Environmental Ethics
This should not be a strange topic. Everyone knows that the environment is in
trouble and the victim of many threats. Environmentalism is the concern of many.
There are only too many questions about methods of saving the environment.
In the western states such as California or Washington there is a real threat
of wildfires every summer and, at the same time, there is a serious shortage
of water to put out those fires, to irrigate farmland, and to maintain
astonishingly green golf courses. Different parts of the country face different
threats but nowhere is the environment safe.
But are these problems problems in ethics? Everyone, whether they live in houses
or in apartments or in rooms are admonished about the safety of the spaces they
live in. They need smoke alarms; the windows need to open easily and, in the winter,
they need to shut very tight. Would you think of these as ethical commandments?

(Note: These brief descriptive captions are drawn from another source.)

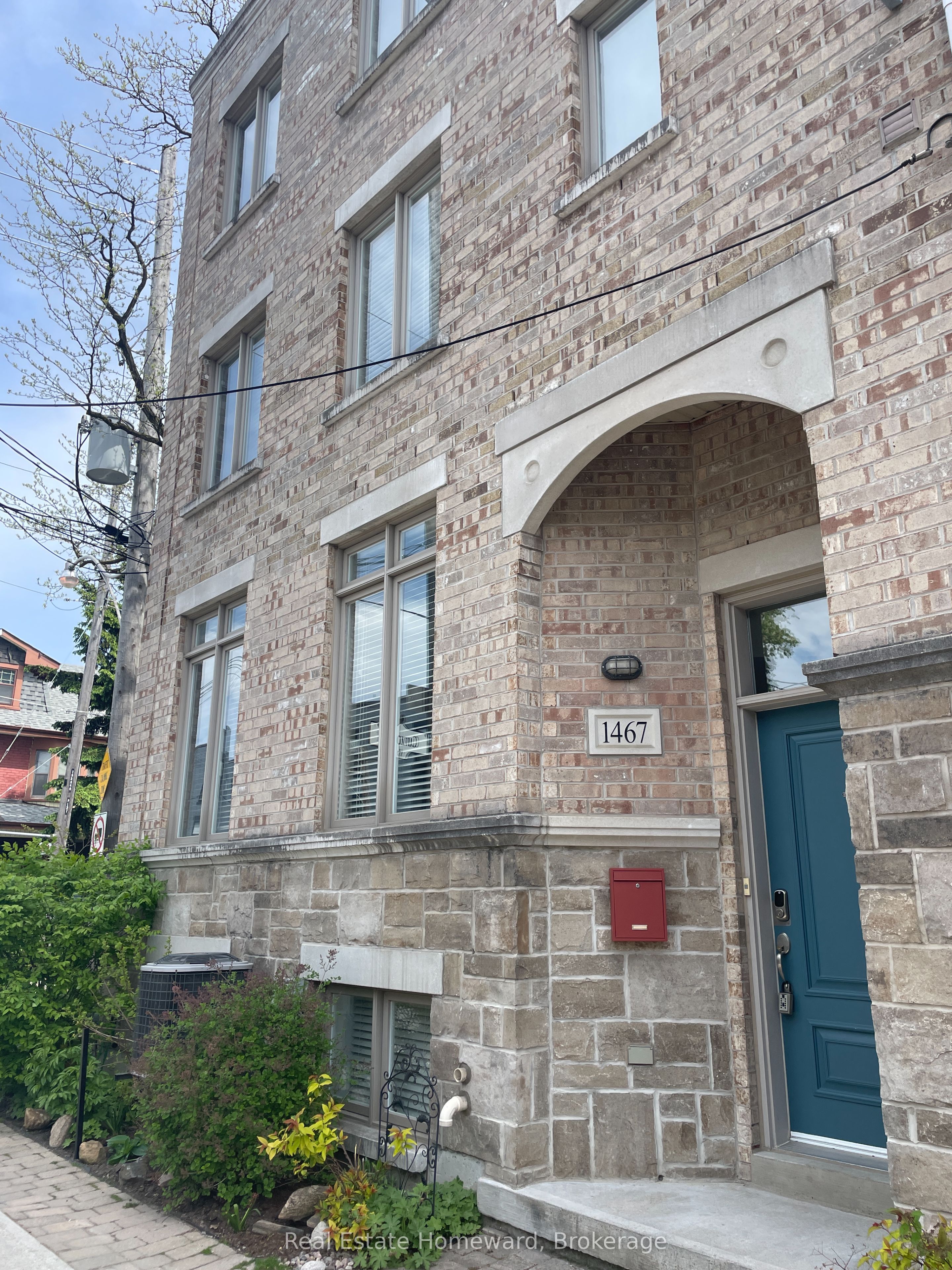 1467 Dundas Street E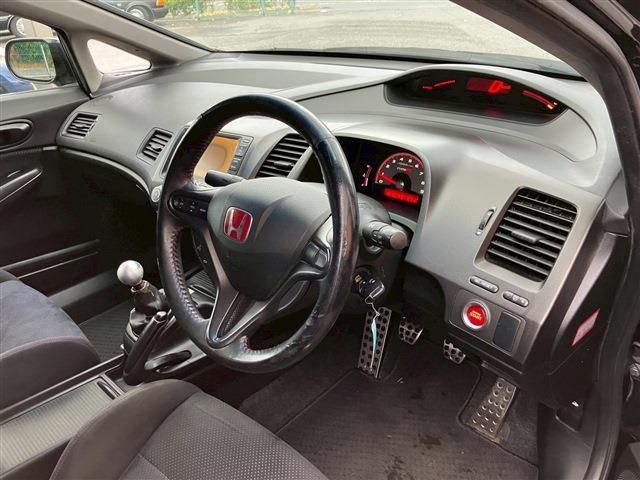 CIVIC sedan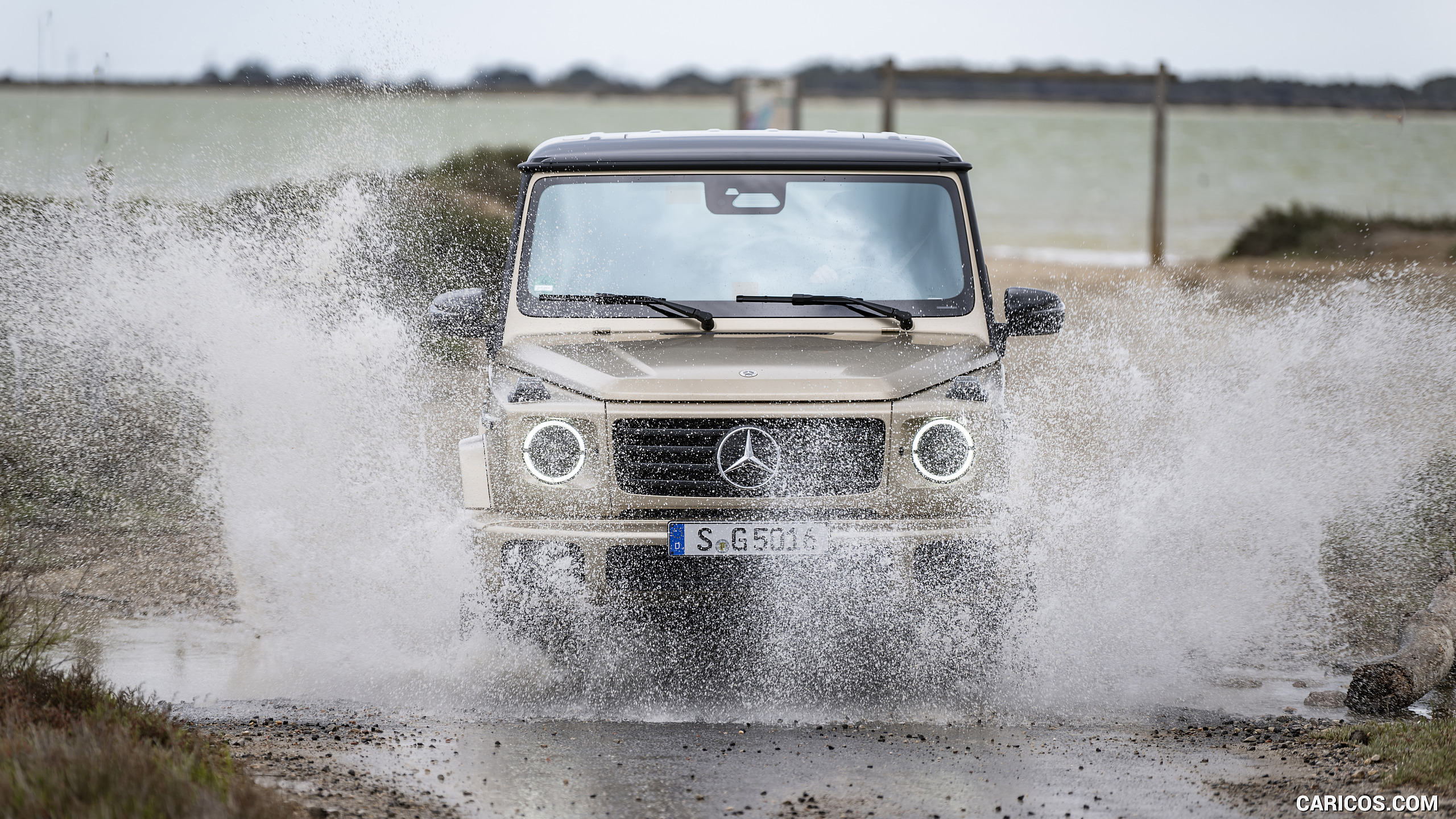 2025 Mercedes-Benz G 550 (Color: MANUFAKTUR Kalahari Gold Magno) - Front, #88 of 135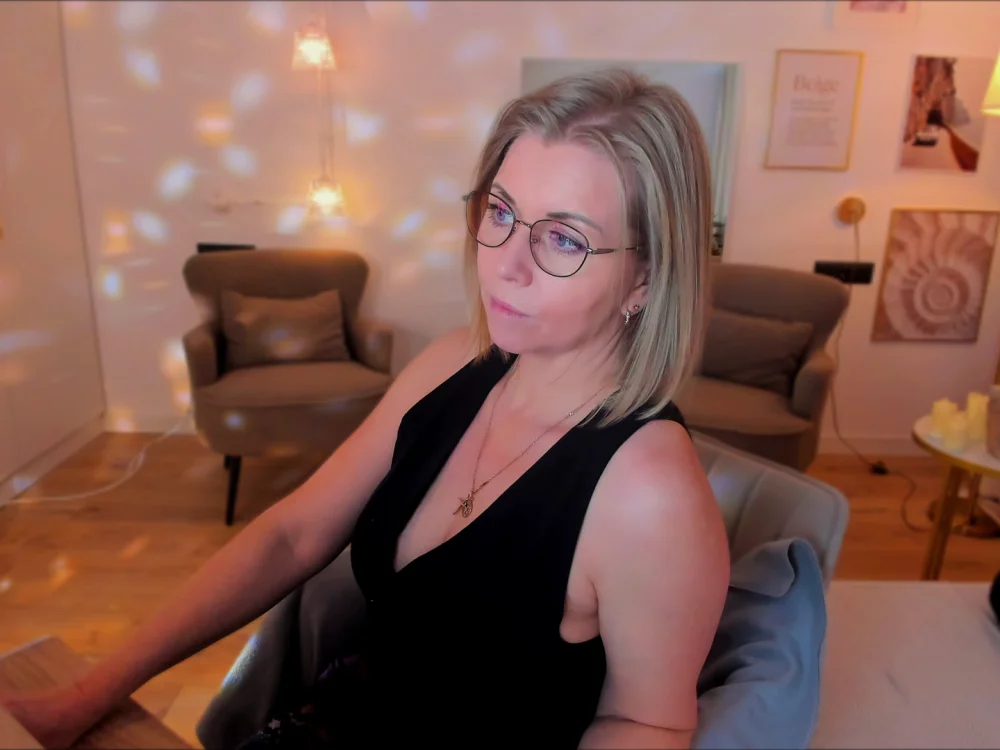 แชท XXX ออฟไลน์ของ Annie_Light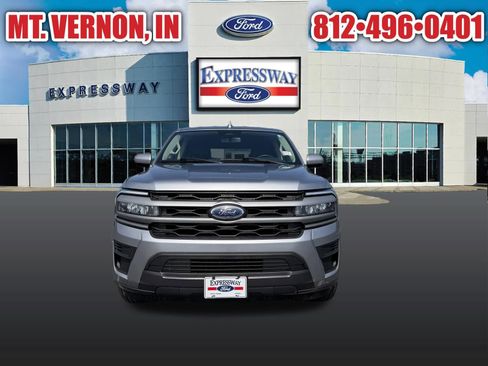 Used 2024 Ford Expedition XLT AWD/4WD image 4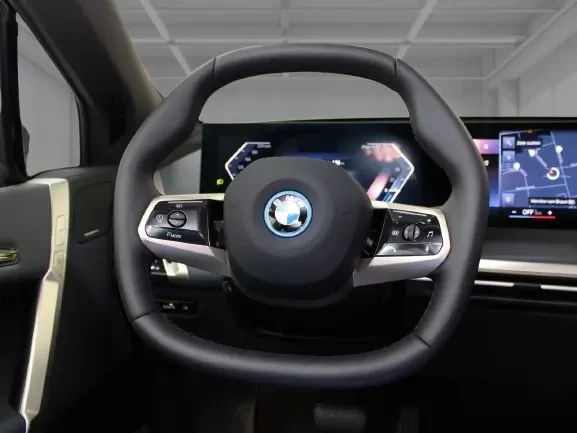 BMW iX xDrive40 = Sport Package = Гаранция, снимка 7 - Автомобили и джипове - 53915583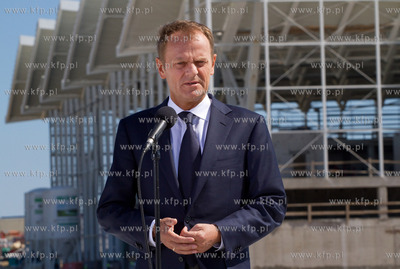 Premier Donald Tusk wizytuje budowe terminala T2 Portu...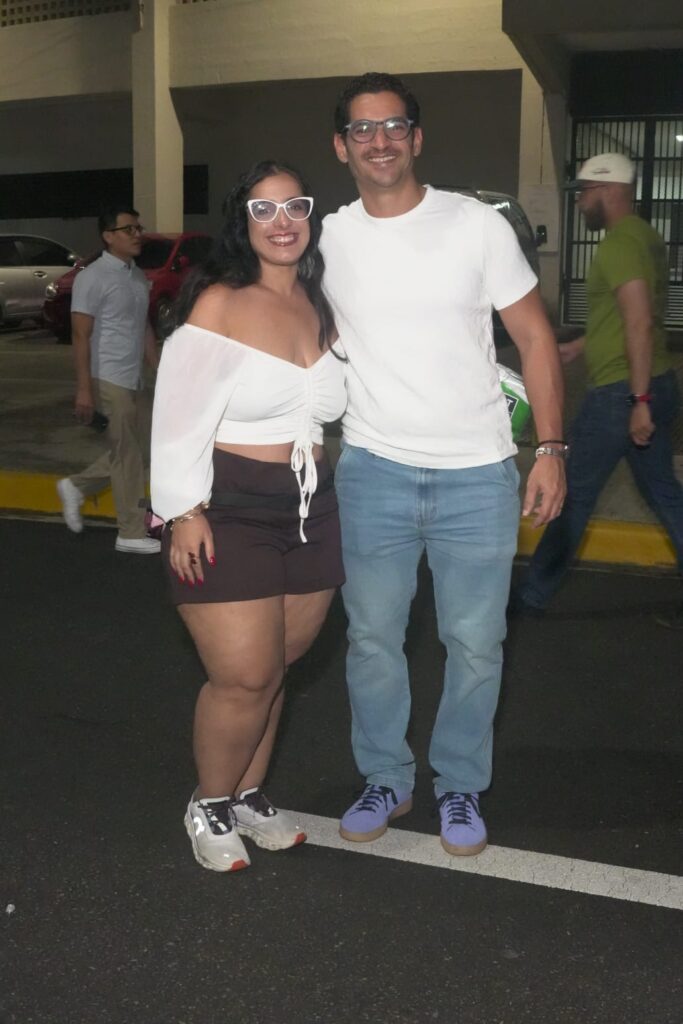 Fanáticos derrochan brillo, transparencia y mucha actitud en concierto de David Guetta | 3 | Fanáticos derrochan brillo, transparencia y mucha actitud en concierto de David Guetta - Noticias de hoy en República Dominicana | De Último Minuto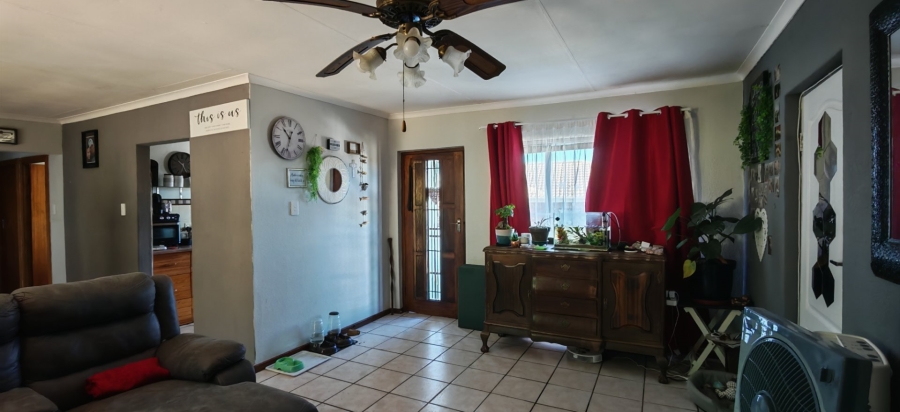 3 Bedroom Property for Sale in Dana Bay Western Cape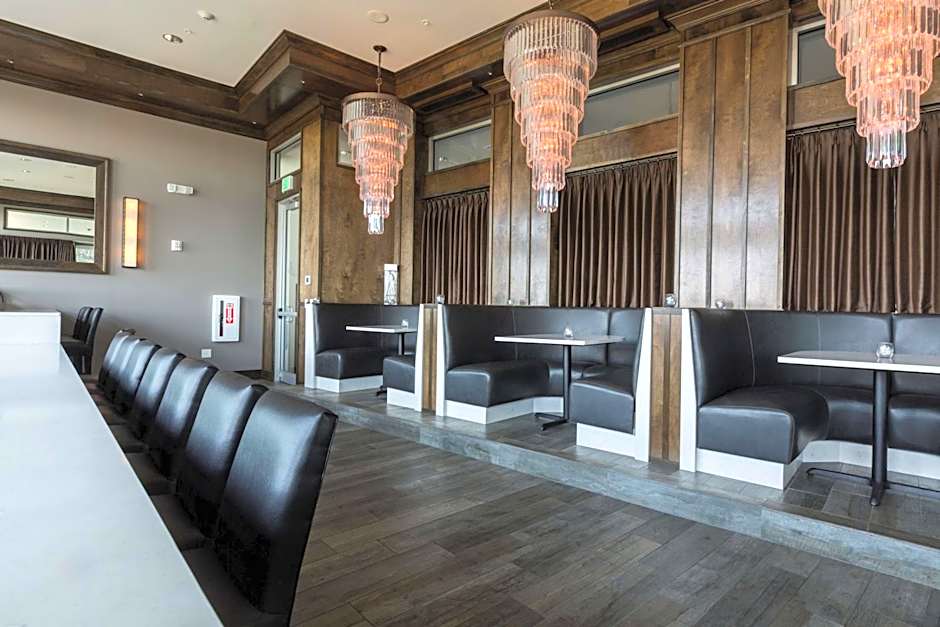 The Strathallan - A DoubleTree By Hilton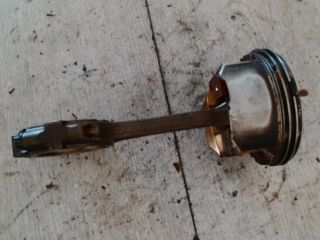 bontott NISSAN MURANO Dugattyú és Hajtókar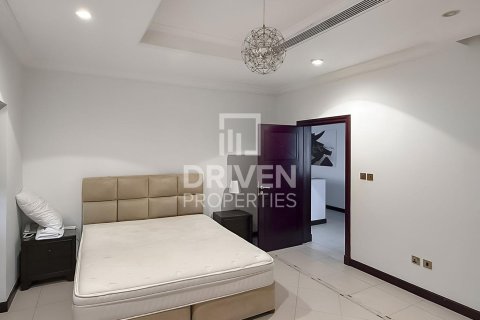 Vilë në Palm Jumeirah, Dubai, Emiratet e Bashkuara Arabe 5 dhoma gjumi, 622.36 m2. № 759711 - Foto 21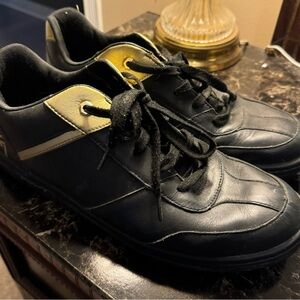 Men black/gold Timberland tennis shoes 12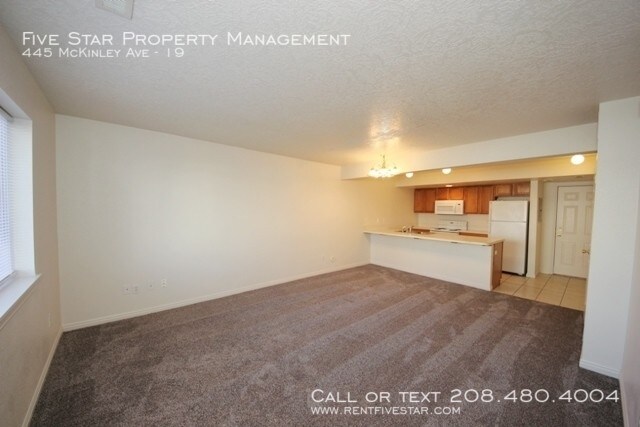 Foto del edificio - 445 McKinley Ave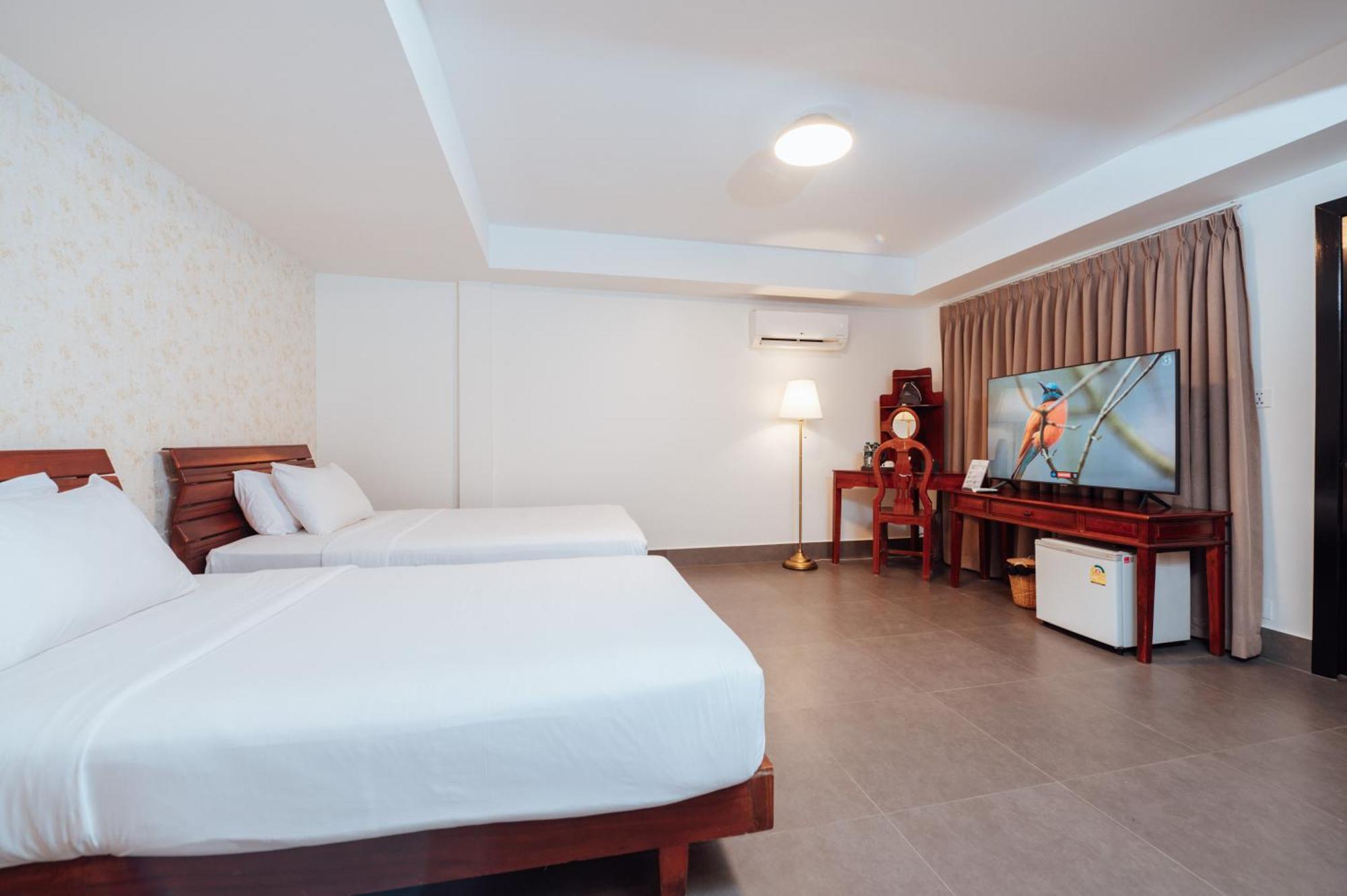 Cambodian Country Club Hotel Phnom Penh Exterior foto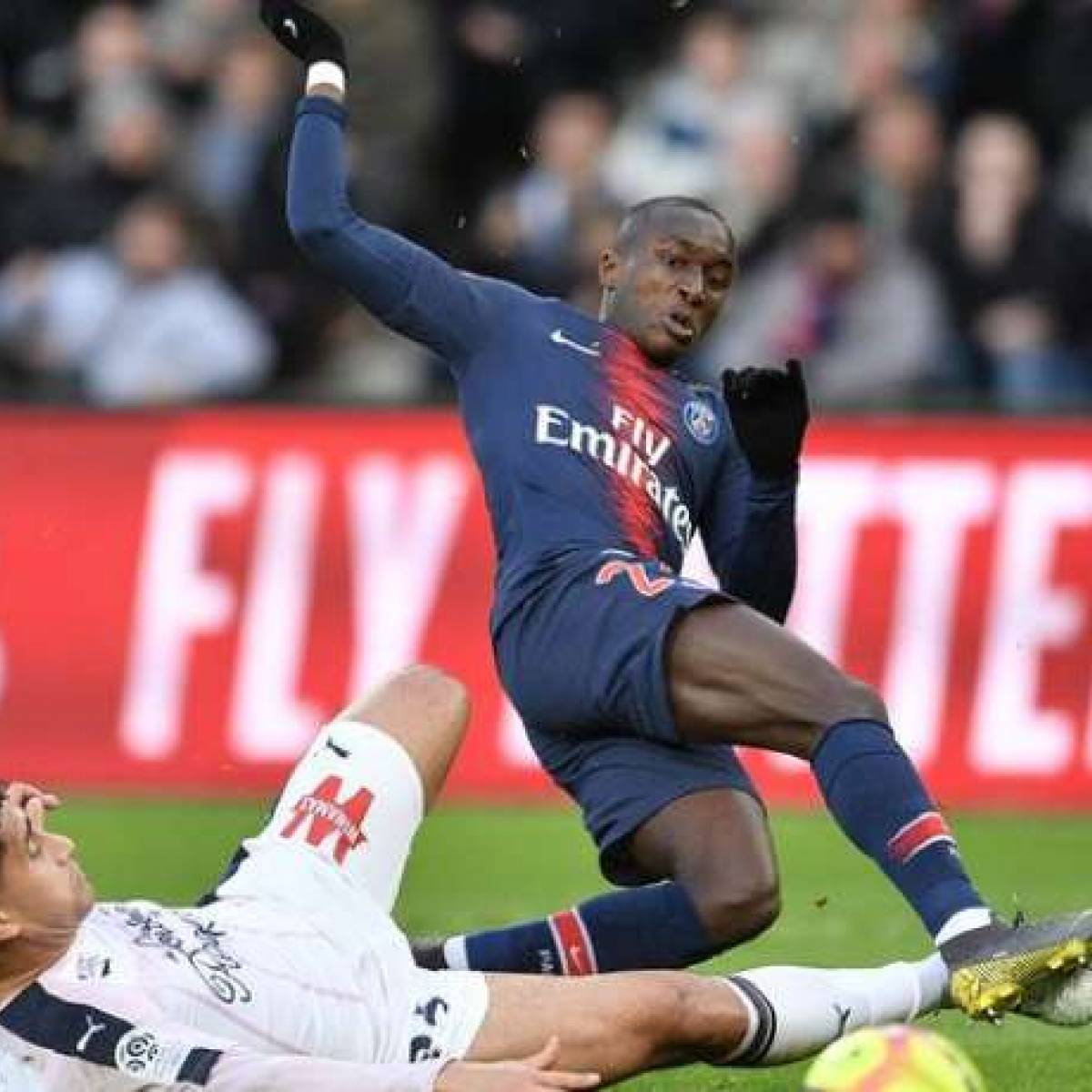 Officiel Le Bayer Leverkusen S Offre Moussa Diaby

No, they are just reminders of what safety requires. It is in everyone's best
interest to obey rules like this. Ethical rules tell us what we must do, whether
it is in our immediate self-interest or not.
Suppose your car scrapes the fender of another car as you leave the grocery store
parking lot. Should you just leave, or leave a note on the other car with your
name and telephone number? What is in your self-interest? What is the morally right
thing to do? You could just leave and hope that no one sees you. Or you could
leave your address, name, and telephone number so that the owner of the damaged
car can be in touch.
Often what ethics demands is that you do something that is not in your immediate
best interest, that you would rather not do. If you try to sell your house,
ethics demands that you not misrepresent it to potential buyers. If you make an
offer of marriage to a person, you must not lie about yourself, your past, about
possible reasons why you would not be a good marriage candidate. Don't forget
to mention that you spent years being addicted to alcohol or that you have been
married and divorced three times before.
You must not misrepresent who you are.
It is clearly in everyone's interest to reduce how much coal or oil we burn
to generate electricity. But if you have money invested in a coal mine or an oil
company, it is in your interest that this company make a sizable profit by selling
more coal or more oil. Taking good care of the environment is not in the best
interest of many citizens, such as all the elderly whose savings, that now support
them, may well be invested in coal, or oil, or natural gas.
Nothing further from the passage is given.